* [TASK DETAILS]: The copy you return should hold only the lines from the top of the data below through the line with "जनावरांचा गोठा बांधण्याआधी", each duplicated exactly and with no pictures.

Short descriptive text snippets
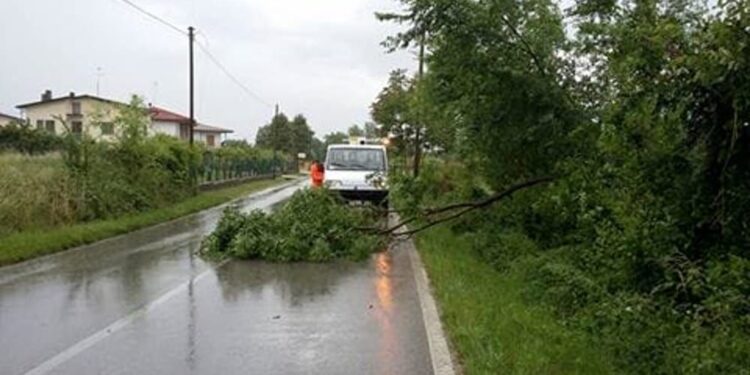 Violenti temporali in Friuli, 250 volontari in azione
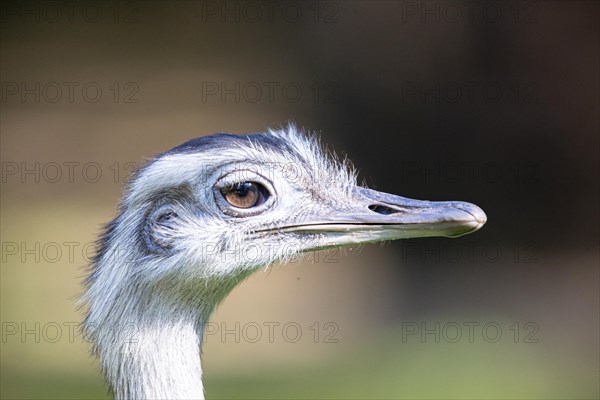 Nandu (Rhea americana) Pantanal Brazil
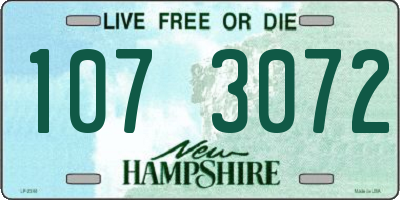 NH license plate 1073072
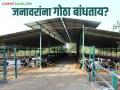 जनावरांचा गोठा बांधण्याआधी या बाबींचा विचार करा; होईल मोठा फायदा - Marathi News | Consider these things before building an cowshed; it will be a big benefit | Latest agriculture News at Lokmat.com
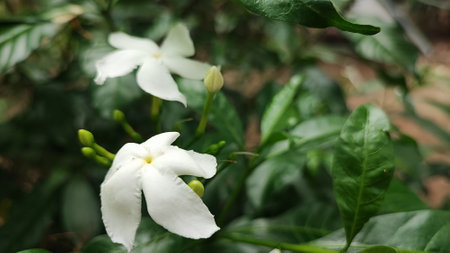 White jasmine flower in the garden. (Cape jasmine)の写真素材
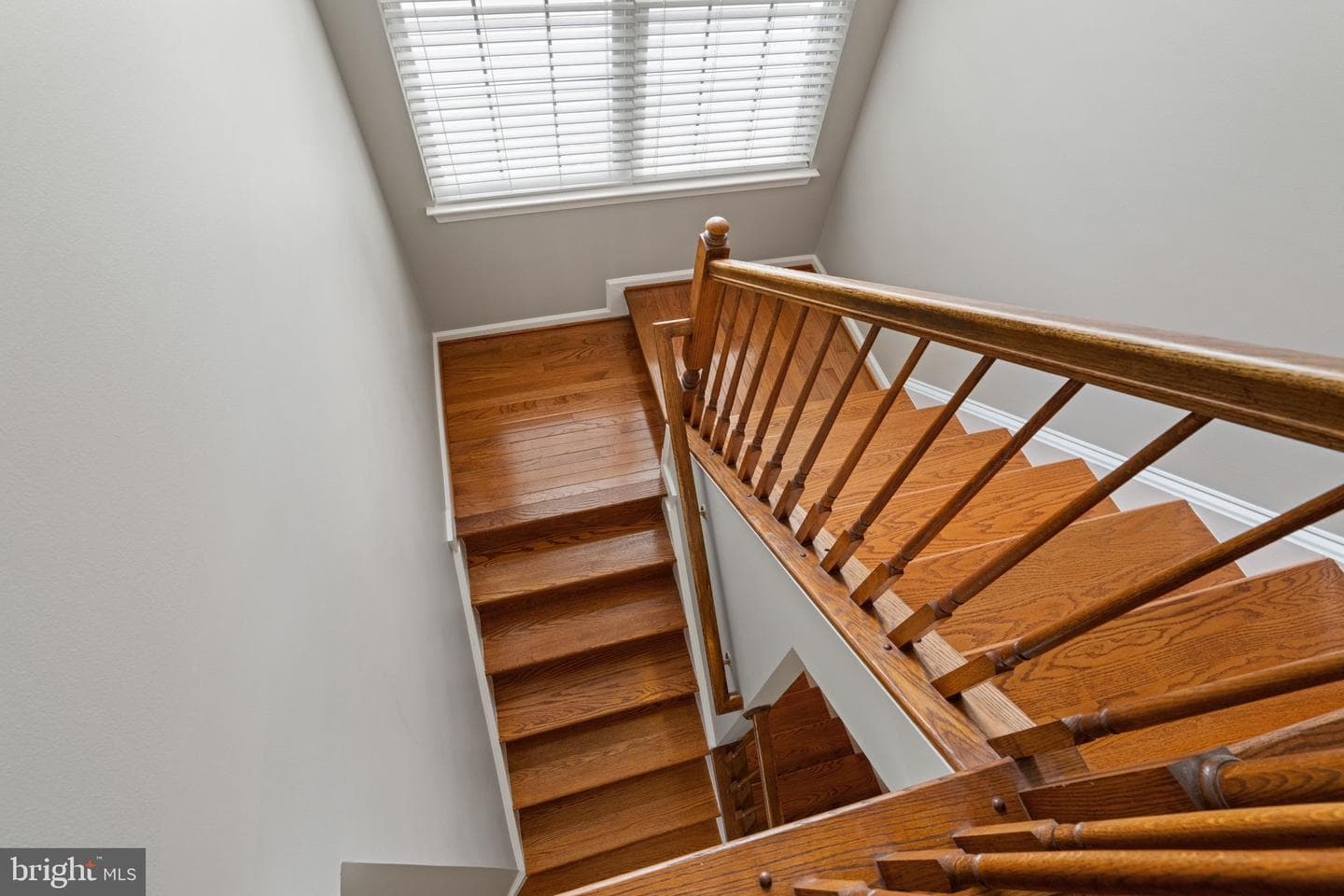 10065 Tummel Falls Drive photo 34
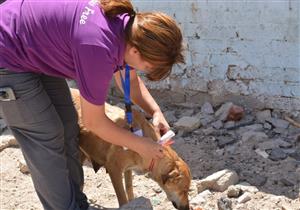 بالصور.. تحصين الكلاب الضالة بلقاح السعار في طور سيناء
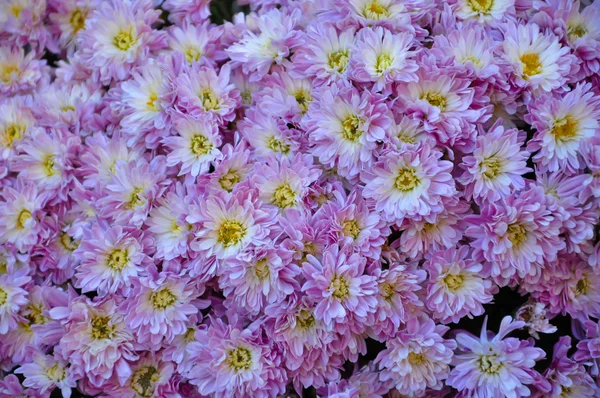 Violet Florist's Mum — Stock Photo, Image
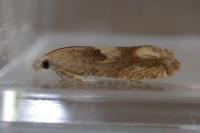 Eucosma conterminana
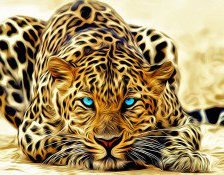 Схема вышивки «большая кошка»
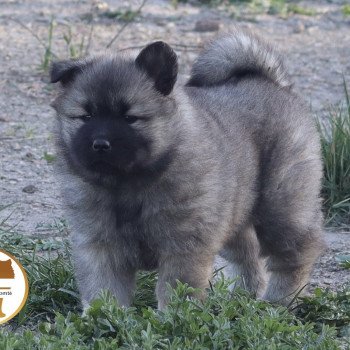 chiot Eurasier Violette Élevage de l'ancien comté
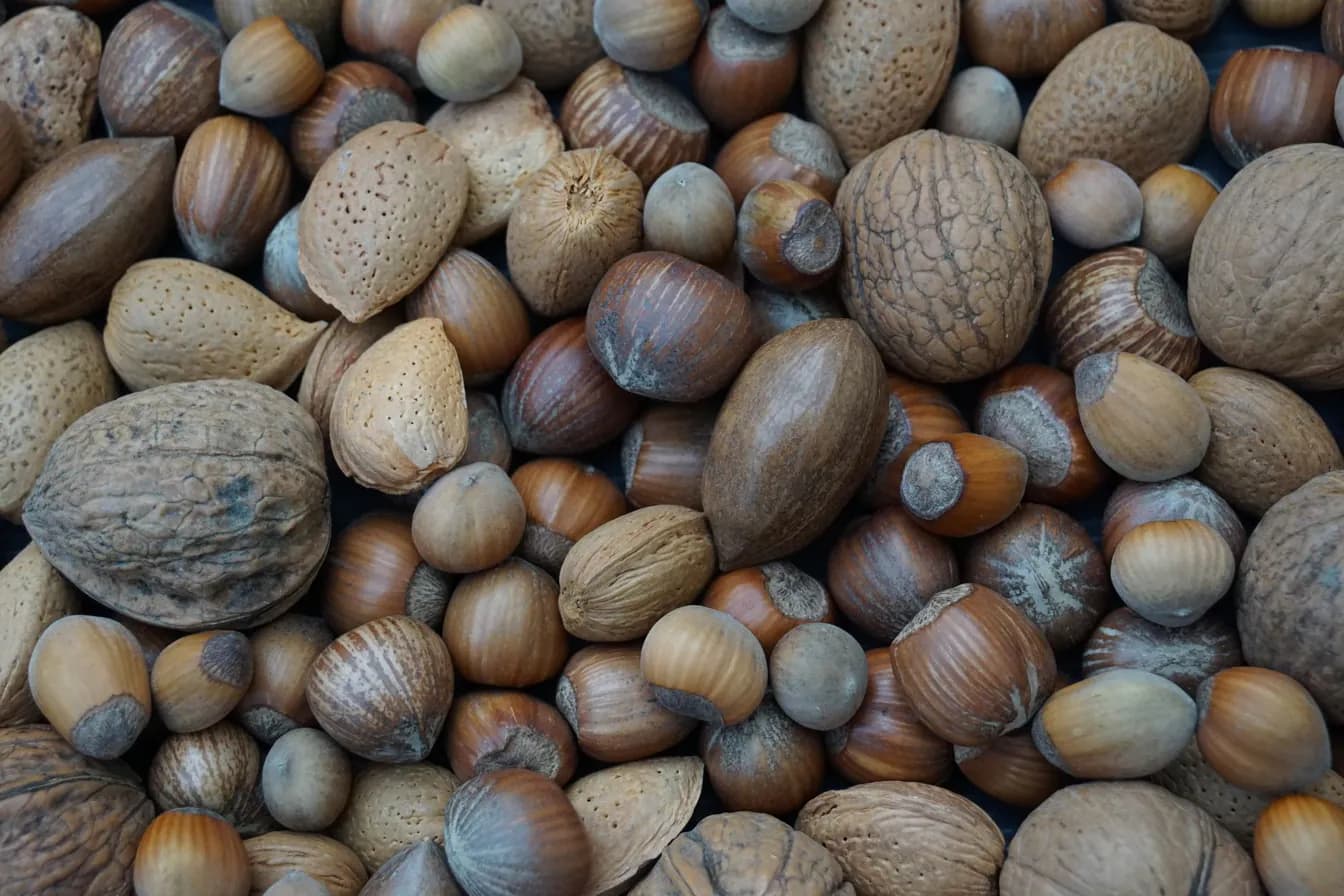 Mixed Nuts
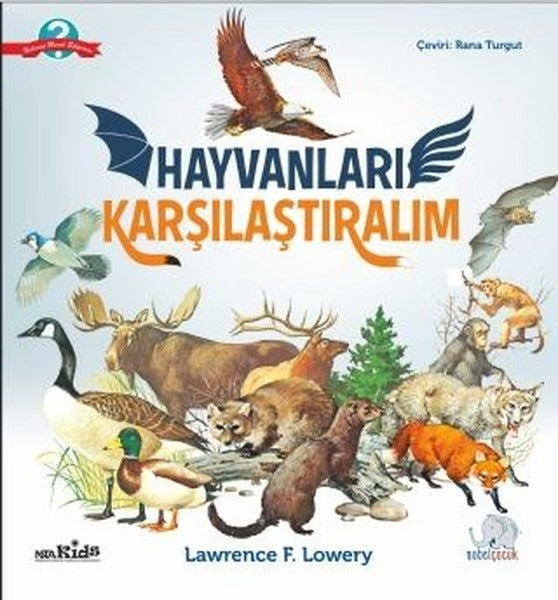 Hayvanları Karşılaştıralım | Nobel Çocuk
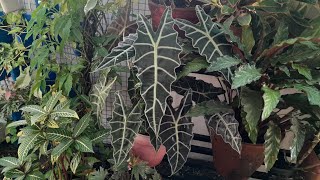 Alocasia Amazonica അറിയേണ്ടതെല്ലാംgardeningvideo [upl. by Annad]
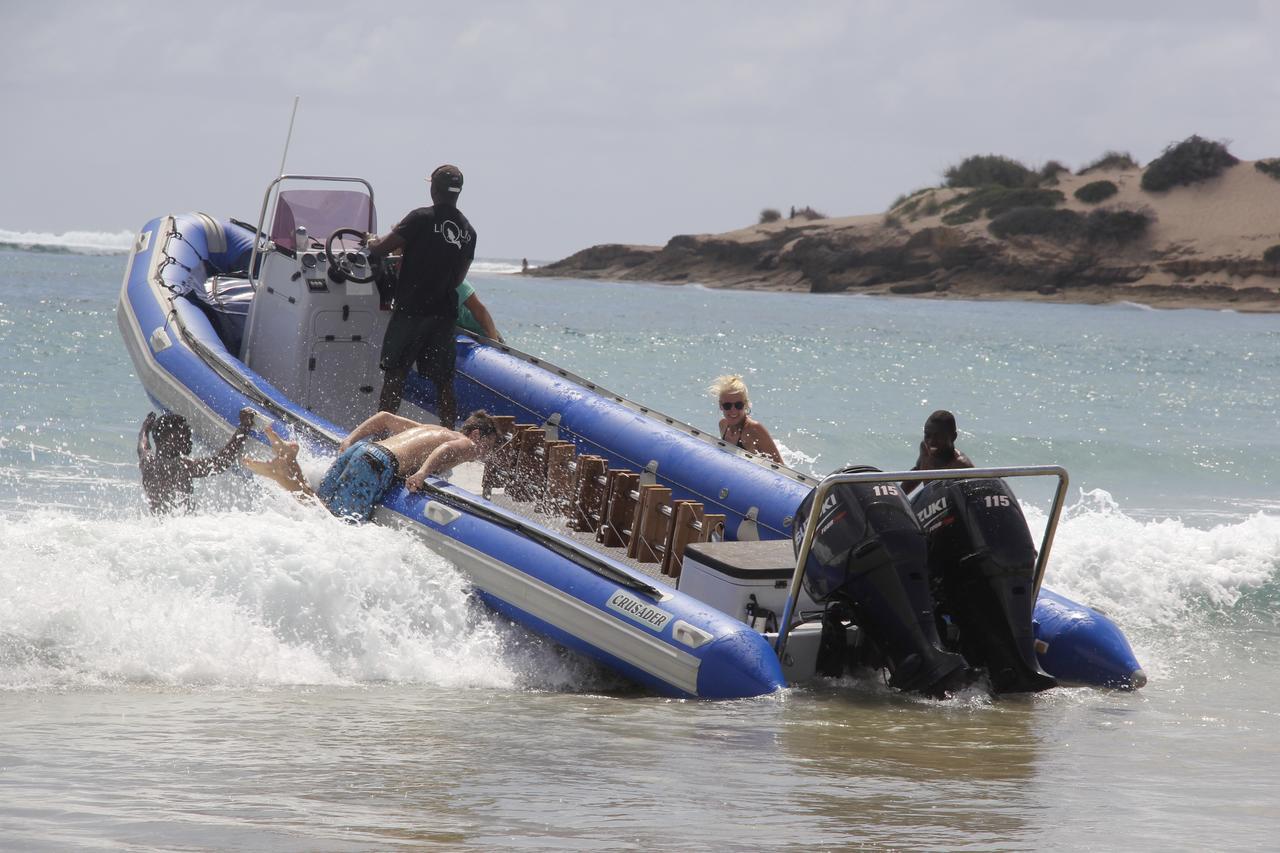 Liquid Dive Adventures Bed & Breakfast Tofo Bagian luar foto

* [COMPLETED TASK]:
 Violenti temporali in Friuli, 250 volontari in azione
 Nandu (Rhea americana) Pantanal Brazil
 NH license plate 1073072
 जनावरांचा गोठा बांधण्याआधी या बाबींचा विचार करा; होईल मोठा फायदा - Marathi News | Consider these things before building an cowshed; it will be a big benefit | Latest agriculture News at Lokmat.com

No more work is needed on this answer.